Nice post from Philip here. Personally I think the physical retail presence and access to HEAVY BOOK BUYERS and BROWSERS via that retail presence is the key to Barnes & Noble’s success with the Nook.
It’s an odd story in a way but it reinforces the idea that one of the key weapons in the future of the industry is knowing the customer OR having access to them directly. The three winners in the ebook space right now, Apple, Amazon and Barnes & Noble all have either huge databases of customer information or direct access to them in places where they part with their money, we shouldn’t miss that when thinking about this today.
Many people wrote off the Nook when it first launched in the US. The name was a bit, well, odd. It had a funny colour strip that didn’t serve much use, except to show book jackets. The e-books available weren’t cheap enough, when compared to Amazon’s overly aggressive pricing. And it had initial shipping problems, a sure-fire technology killer. It was seen as the last gasp of a dying mammal washed ashore by a particularly arch digital wave.

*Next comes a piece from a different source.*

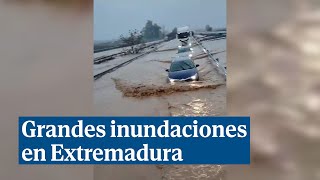 Grandes inundaciones en Extremadura por la borrasca Juan [upl. by Fita589]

We neglected to look at the two key advantages it had over the Kindle. There was the innovative sharing function, which Amazon has now copied, that gave users a sense of having purchased something tangible—not just a license to read. And of course the ability to read any book for free in one of the chain’s 700 shops, making a physical connection to the shops via digital. The latter gave it something Amazon could never have.